Robert Bradbury robert.bradbury at gmail.com
Fri Jul 14 18:27:00 UTC 2006


George,

The simple answer revolves around what kind of an answer you want out of the
singularity?

If the answer is "42" (assuming Adams is correct) and you compute it
entirely using revsersible computing and you are storing the result into
memory which is entirely suboptimal (i.e. !42) you would have to flip a
minimum of 6 bits.  So the cost could be very low (in terms of waste heat
produced).  If you can reduce the answer to 0 or 1 then you only need to
flip a single bit and the cost is at the limit of what is possible.  Now of
course somebody somewhere has to know *what* that 0 or 1 (or 42) actually
means and it is difficult to say how much the knowing of that might cost.

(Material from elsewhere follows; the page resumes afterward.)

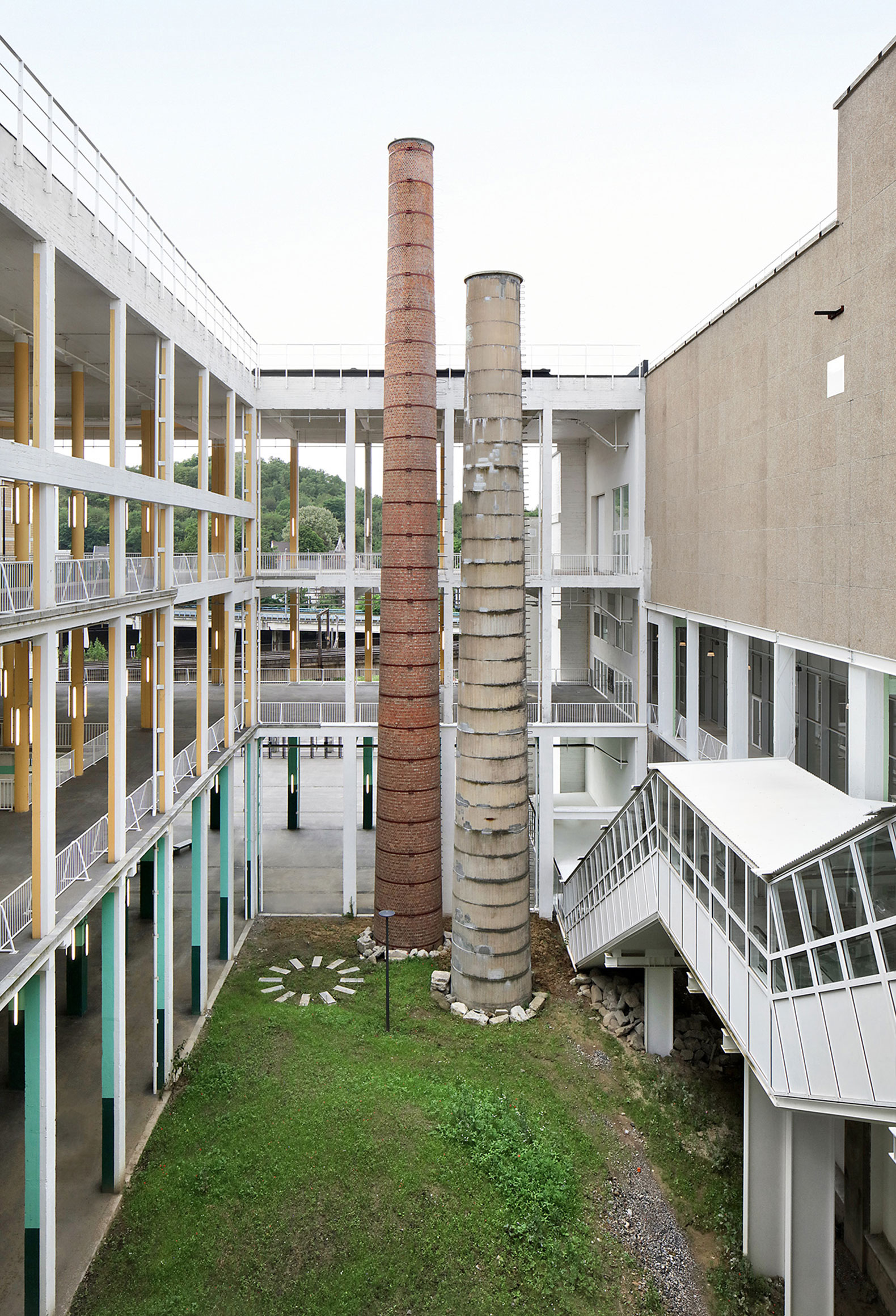 Palacio de Exposiciones de Charleroi por el architecten jan de vylder inge vinck y AgwA. Fotografía por Filip Dujardin.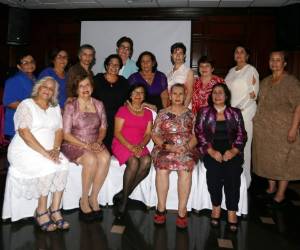 Las exnormalistas se reunieron para celebrar 50 años como egresadas de la Eneva.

At the other end of the spectrum you get into the points Keith was making
about being limited by the surface area that you are using to radiate the
wasted bits.  The larger one is the more bits you can throw away per unit
time.  So singularity development is fundamentally limited in part by the
volume in which it is taking place.

In practice there are probably several plateaus (Kurzweil S-curves) in the
singularity.

1) Limit of easily available energy (sub KT-I civilization).
2) Limit of heat capacity of the Earth (~KT-I civilization).
    This is the Frietas "hypsithermal limit" which equates to about 10kg of
operating nanotech per person for a population of ~10 billion.  This limit
can be transcended but it requires significant planetary reengineering.
3) The level of a relatively optimized inner solar system (KT-II
civilization).
4) The level of an entirely optimized solar system (KT-II+ civilization).
5) The heat capacity of an expanded highly evolved Matrioshka Brain (several
light years in size).

At each of these transitions there tend to be fairly significant shifts in
the architecture of the computronium.  How fast those shifts occur tend in
large part to involve questions regarding how much energy and/or matter one
is willing to "throw away".  These are economic questions related to how
much computational and/or memory capacity one wants available at time T,
T+1, T+2, etc.   Since we don't know *what* MBrains would want to think
about it is difficult to imagine what the cost/benefit tradeoffs might be.

Regarding the host bio-sphere question, one possible solution to minimize
effects on the current highly sub-optimal biosphere is to develop the
singularity from the asteroid belt outward.  This would have minimal impact
on Earth and provide most of the capacity that even a highly evolved MBrain
would have.  It would however develop more slowly than a "burn the bridges
behind us" strategy of full development of the inner solar system first.
But since "slowly" in singularity time would be measured in spans of decades
to centuries it may be entirely acceptable if the bio-compuntronium is not
overthrown by AI nano-computronium based entities.

In answer to Chris's question, yes the problem has been thought about (it is
a crucial aspect of MBrain evolution) and the singularity doesn't have to
generate waste heat that would be considered by some (many?) to be
detrimental unless it is allowed to evolve along that path.